# 7Relational and boolean operations

version
R 4.3.2

You’ve already been exposed to a few examples of relational and boolean operations in earlier chapters. A formal exploration of these techniques follow.

## 7.1 Relational operations

Relational operations play an important role in data manipulation. Anytime you subset a dataset based on one or more criterion, you are making use of a relational operation. The relational operators (also known as logical binary operators) include `==`, `!=`, `<`, `<=`, `>` and `>=`. The output of a condition is a logical vector `TRUE` or `FALSE`.

Relational operator Syntax Example
Exact equality `==` 3 == 4 -> FALSE
Exact inequality `!=` 3 != 4 -> TRUE
Less than `<` 3 < 4 -> TRUE
Less than or equal `<=` 4 <= 4 -> TRUE
Greater than `>` 3 > 4 -> FALSE
Greater than or equal `>=` 4 >= 4 -> TRUE

## 7.2 Boolean operations

Boolean operations can be used to piece together multiple evaluations.

R has three boolean operators: The AND operator, `&`; The NOT operator, `!`; And the OR operator, `|`.

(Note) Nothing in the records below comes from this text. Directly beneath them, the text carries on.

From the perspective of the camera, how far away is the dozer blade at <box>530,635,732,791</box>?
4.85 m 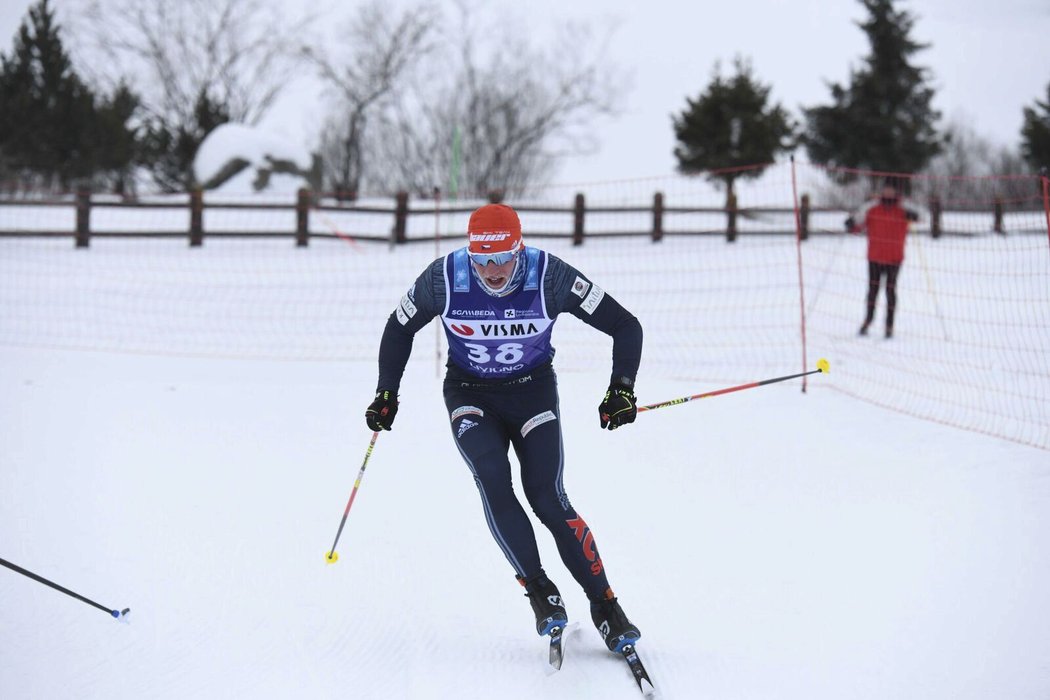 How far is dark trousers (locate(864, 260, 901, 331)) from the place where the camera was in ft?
31.7

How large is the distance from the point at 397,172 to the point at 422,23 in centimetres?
657

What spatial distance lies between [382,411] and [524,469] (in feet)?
2.14

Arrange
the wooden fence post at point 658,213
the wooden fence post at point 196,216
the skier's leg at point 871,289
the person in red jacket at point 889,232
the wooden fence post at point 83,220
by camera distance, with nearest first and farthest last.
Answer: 1. the person in red jacket at point 889,232
2. the skier's leg at point 871,289
3. the wooden fence post at point 83,220
4. the wooden fence post at point 196,216
5. the wooden fence post at point 658,213

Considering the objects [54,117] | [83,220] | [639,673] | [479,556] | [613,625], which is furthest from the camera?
[54,117]

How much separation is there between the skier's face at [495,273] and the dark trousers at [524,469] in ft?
1.46

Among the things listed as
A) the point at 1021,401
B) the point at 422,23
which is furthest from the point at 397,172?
the point at 1021,401

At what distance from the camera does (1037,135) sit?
3319cm

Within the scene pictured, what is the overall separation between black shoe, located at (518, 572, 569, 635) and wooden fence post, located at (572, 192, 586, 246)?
42.7ft

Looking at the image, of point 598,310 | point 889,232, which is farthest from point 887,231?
point 598,310

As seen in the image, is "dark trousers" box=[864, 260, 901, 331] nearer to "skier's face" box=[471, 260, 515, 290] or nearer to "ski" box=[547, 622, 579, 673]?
"skier's face" box=[471, 260, 515, 290]

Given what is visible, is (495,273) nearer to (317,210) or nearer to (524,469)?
(524,469)

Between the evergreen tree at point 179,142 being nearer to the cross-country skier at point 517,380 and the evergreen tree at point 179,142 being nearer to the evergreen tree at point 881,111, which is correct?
the evergreen tree at point 881,111

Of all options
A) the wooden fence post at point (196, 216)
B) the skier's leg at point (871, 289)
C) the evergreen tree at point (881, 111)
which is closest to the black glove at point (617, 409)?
the skier's leg at point (871, 289)

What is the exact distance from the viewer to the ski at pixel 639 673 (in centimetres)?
341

The `&` operator requires that the conditions on both sides of the boolean operator be satisfied. You would normally use this operator when addressing a condition along the lines of `x` must be satisfied AND `y` must be satisfied”.

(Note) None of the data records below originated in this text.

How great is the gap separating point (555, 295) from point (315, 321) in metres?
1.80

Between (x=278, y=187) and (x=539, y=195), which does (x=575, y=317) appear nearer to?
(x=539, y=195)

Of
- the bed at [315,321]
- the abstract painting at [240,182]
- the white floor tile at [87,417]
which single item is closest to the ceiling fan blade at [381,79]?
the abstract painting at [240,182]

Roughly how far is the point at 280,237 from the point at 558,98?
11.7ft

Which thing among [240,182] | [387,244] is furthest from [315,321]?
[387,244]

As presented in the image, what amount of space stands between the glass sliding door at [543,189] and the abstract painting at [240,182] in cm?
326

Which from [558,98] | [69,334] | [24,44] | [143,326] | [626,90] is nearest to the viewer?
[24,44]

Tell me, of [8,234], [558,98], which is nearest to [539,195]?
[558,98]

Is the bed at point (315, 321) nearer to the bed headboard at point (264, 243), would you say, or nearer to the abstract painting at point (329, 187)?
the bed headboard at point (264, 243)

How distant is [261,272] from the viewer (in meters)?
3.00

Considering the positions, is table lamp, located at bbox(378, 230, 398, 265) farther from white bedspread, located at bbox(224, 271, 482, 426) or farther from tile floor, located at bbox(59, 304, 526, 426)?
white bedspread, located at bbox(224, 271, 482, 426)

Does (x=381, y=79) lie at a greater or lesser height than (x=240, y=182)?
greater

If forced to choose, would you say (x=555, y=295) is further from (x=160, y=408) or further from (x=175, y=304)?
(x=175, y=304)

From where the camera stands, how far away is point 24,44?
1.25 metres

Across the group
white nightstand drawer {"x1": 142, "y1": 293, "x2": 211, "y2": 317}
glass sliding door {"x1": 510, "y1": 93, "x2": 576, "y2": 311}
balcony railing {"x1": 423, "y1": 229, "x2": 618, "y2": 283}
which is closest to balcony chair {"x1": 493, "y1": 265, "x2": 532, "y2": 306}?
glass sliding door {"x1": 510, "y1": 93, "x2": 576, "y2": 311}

The `|` operator requires that at least one condition be met on either side of the boolean operator. You would normally use this operator when addressing a condition along the lines of “`x` must be satisfied OR `y` must be satisfied”. Note that the output will also be TRUE if both conditions are met.

The `!` operator is a negation operator. It will reverse the outcome of a condition. So if the outcome of an expression is `TRUE`, preceding that expression with `!` will reverse the outcome to `FALSE` and vice-versa.

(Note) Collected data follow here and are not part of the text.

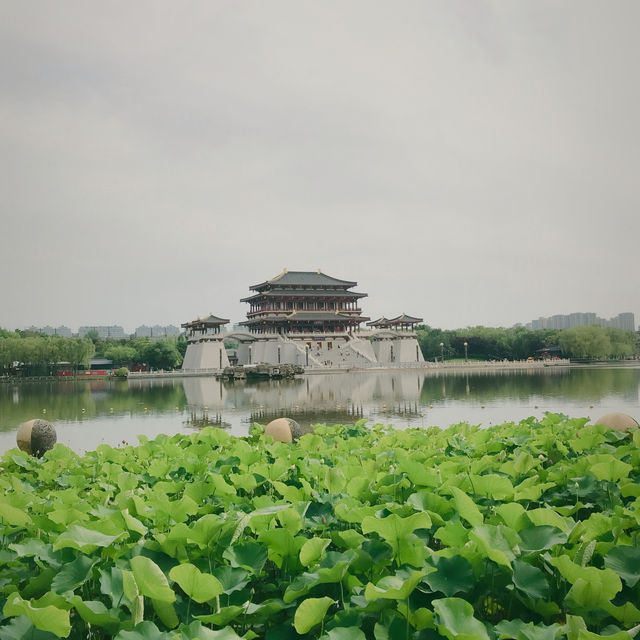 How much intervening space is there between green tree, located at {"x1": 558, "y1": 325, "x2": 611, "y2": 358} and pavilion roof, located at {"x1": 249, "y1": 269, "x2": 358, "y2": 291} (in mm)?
20633

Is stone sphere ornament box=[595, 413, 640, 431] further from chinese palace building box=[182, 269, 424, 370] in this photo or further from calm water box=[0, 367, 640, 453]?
chinese palace building box=[182, 269, 424, 370]

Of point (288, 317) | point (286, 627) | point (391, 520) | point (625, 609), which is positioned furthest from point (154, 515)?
point (288, 317)

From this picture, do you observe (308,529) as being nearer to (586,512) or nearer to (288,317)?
(586,512)

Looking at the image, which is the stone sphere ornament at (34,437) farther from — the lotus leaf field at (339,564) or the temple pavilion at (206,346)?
the temple pavilion at (206,346)

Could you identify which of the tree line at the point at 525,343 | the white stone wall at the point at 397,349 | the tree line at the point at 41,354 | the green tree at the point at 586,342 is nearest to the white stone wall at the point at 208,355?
the tree line at the point at 41,354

Boolean operator Syntax Example Outcome
AND `&`

4 == 3 `&` 1 == 1

4 == 4 `&` 1 == 1

FALSE

TRUE

OR `|`

4 == 4 `|` 1 == 1

4 == 3 `|` 1 == 1

4 == 3 `|` 1 == 2

TRUE

TRUE

FALSE

NOT `!`

`!`(4 == 3)

`!`(4 == 4)

TRUE

FALSE

The following table breaks down all possible Boolean outcomes where `T` = `TRUE` and `F` = `FALSE`:

Boolean operation Outcome
T `&` T TRUE
T `&` F FALSE
F `&` F FALSE
T `|` T TRUE
T `|` F TRUE
F `|` F FALSE
`!`T FALSE
`!`F TRUE

If the input values to a boolean operation are numeric vectors and not logical vectors, the numeric values will be interpreted as `FALSE` if zero and `TRUE` otherwise. For example:

``1 & 2``
``[1] TRUE``
``1 & 0``
``[1] FALSE``

### 7.2.1 Pecking order in operations

Note that the operation `a == (3 | 4)` is not the same as `(a == 3) | (a == 4)`. If, for example, `a = 3`, the former will return `FALSE` whereas the latter will return `TRUE`.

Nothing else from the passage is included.